Dalam hadist yang diriwayatkan oleh Imam Bukhari dan Imam Muslim, dari Abu Hurairah r.a., bahwa Rasulullah s.a.w., bersabda: “Barang siapa yang beriman kepada Allah dan hari akhir, maka hendaklah dia berbicara yang benar atau diam … .”

Nabi Muhammad s.a.w., kata Habib Ali, “Apabila berbicara adalah benar dan tidak menyakiti perasaan orang baik dengan kekasaran maupun menghina dan merendahkan orang lain.”

Nabi Muhammad s.a.w., apabila berbicara pelan-pelan dengan kalimat yang jelas sehingga orang yang mendengarnya paham dan bisa menghafal apa yang dibicarakan oleh Nabi Muhammad s.a.w.
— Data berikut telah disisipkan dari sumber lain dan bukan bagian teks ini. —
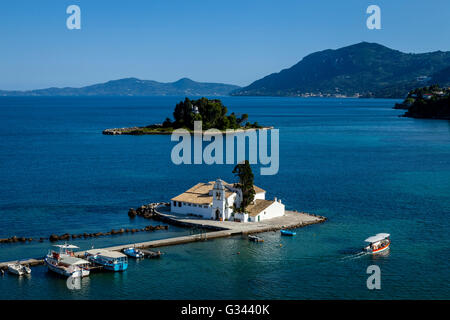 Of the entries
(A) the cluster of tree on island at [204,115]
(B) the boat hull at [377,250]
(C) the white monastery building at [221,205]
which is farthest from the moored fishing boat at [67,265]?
(A) the cluster of tree on island at [204,115]

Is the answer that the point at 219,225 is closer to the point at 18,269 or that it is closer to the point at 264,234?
the point at 264,234

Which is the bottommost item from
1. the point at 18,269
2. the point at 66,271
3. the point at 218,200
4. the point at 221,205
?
the point at 66,271

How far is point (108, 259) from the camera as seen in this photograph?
44719 millimetres

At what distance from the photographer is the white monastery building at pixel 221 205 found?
57625 mm

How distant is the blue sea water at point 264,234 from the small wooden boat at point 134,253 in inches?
66.1

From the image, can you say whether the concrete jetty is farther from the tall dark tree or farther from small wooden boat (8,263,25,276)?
small wooden boat (8,263,25,276)

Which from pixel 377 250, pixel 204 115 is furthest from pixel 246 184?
pixel 204 115

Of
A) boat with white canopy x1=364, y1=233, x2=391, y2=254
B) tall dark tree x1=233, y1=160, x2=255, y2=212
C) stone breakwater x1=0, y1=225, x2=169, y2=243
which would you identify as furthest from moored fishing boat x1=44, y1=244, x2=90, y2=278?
boat with white canopy x1=364, y1=233, x2=391, y2=254

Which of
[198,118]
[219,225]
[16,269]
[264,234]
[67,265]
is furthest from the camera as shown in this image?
[198,118]

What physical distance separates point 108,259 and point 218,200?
16006 mm

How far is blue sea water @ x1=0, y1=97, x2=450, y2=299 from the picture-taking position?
136ft

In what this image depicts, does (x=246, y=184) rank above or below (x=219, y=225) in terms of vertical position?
above

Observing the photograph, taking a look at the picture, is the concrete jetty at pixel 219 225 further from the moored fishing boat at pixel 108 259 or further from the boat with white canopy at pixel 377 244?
the boat with white canopy at pixel 377 244

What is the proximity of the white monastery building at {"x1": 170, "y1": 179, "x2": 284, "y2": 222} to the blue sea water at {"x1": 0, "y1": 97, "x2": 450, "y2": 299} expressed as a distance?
4070 mm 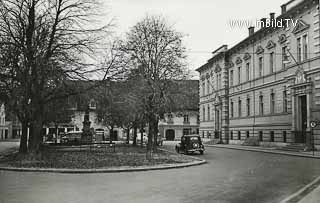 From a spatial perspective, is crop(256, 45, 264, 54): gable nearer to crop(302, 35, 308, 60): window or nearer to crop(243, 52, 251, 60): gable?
crop(243, 52, 251, 60): gable

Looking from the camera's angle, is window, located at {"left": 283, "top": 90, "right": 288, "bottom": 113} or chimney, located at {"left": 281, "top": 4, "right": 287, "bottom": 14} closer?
window, located at {"left": 283, "top": 90, "right": 288, "bottom": 113}

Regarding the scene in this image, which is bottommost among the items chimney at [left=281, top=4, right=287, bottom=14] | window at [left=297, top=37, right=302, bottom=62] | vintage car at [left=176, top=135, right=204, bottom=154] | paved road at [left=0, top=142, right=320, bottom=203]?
paved road at [left=0, top=142, right=320, bottom=203]

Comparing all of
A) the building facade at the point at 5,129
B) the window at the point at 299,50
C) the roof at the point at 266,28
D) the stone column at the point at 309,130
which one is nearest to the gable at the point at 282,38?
the roof at the point at 266,28

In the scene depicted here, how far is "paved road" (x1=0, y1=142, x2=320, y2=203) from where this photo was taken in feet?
38.1

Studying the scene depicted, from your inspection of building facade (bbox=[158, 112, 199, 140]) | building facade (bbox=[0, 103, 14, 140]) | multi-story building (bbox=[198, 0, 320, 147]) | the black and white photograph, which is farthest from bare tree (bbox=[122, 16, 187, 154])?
building facade (bbox=[0, 103, 14, 140])

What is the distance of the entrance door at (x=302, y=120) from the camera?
122 feet

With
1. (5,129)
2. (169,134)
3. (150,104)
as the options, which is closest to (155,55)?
(150,104)

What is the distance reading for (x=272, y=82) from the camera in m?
43.9

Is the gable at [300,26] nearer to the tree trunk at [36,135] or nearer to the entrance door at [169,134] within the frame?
the tree trunk at [36,135]

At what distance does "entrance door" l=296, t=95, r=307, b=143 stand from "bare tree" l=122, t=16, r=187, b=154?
12.1 meters

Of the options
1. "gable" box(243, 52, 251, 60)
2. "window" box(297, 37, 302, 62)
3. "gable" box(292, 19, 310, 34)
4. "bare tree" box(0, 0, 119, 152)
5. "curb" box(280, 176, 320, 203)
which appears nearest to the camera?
"curb" box(280, 176, 320, 203)

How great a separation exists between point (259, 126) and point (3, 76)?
3193 cm

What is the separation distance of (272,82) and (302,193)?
32.8 metres

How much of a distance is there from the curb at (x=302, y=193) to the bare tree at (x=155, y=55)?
17.5 metres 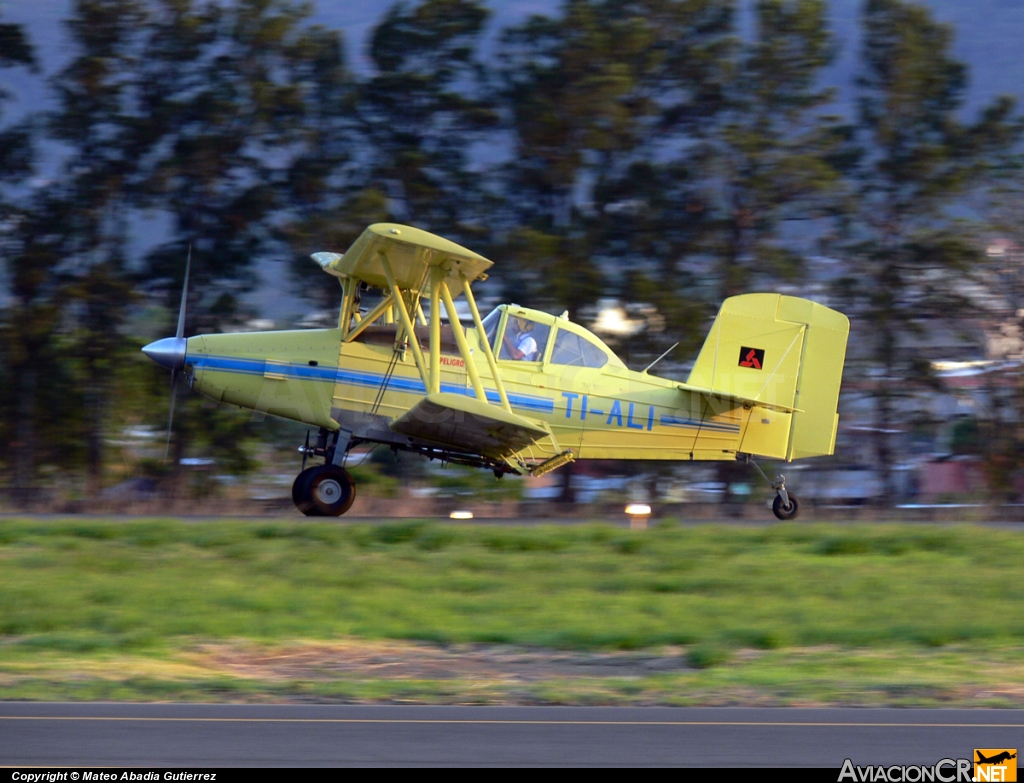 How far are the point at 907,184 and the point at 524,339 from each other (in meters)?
9.09

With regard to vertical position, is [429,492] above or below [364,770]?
above

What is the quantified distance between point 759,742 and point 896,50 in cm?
1752

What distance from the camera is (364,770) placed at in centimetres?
539

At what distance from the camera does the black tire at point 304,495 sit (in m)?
14.4

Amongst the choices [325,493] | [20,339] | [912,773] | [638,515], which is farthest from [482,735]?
[20,339]

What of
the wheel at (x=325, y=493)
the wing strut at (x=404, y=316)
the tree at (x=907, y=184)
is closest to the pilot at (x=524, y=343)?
the wing strut at (x=404, y=316)

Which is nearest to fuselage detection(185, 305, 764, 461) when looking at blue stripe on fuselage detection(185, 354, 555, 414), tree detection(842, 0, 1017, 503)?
blue stripe on fuselage detection(185, 354, 555, 414)

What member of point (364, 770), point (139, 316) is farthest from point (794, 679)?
point (139, 316)

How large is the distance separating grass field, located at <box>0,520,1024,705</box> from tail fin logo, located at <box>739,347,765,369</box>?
3.03 m

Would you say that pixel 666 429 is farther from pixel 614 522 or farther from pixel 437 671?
pixel 437 671

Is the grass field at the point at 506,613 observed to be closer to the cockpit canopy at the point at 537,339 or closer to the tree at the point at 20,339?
the cockpit canopy at the point at 537,339

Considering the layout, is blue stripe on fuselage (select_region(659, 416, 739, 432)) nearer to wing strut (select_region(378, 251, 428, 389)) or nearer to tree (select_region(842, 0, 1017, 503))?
wing strut (select_region(378, 251, 428, 389))

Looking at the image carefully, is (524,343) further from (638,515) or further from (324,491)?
(324,491)

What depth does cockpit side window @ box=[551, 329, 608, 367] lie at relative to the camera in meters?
15.1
BACA JUGA:  Ludah Memiliki Segudang Manfaat bagi Manusia
BACA JUGA:  Peringatan Isra' Mi'raj: Peningkatan Kualitas Spiritual dan IPTEK

Terkadang dalam suatu pembicaraan Nabi Muhammad s.a.w., akan mengulang perkataannya sebanyak tiga kali dengan tujuan agar pembicaraannya dapat dipahami oleh orang yang mendengarnya.

Rasulullah s.a.w., jika berbicara tidak akan berbicara kecuali ada keperluan dan pembicaraan itu adalah pembicaraan yang penting.

Jika berbicara tentang masalah dunia dan Nabi Muhammad s.a.w., mengetahui tentang masalah itu, maka beliau berbicara tentang masalah dunia. Namun, umumnya Nabi Muhammad s.a.w., berbicara tentang masalah agama.

Demikian tuntunan adab atau akhlak berbicara Nabi Muhammad s.a.w. Semoga kita bisa meneladaninya.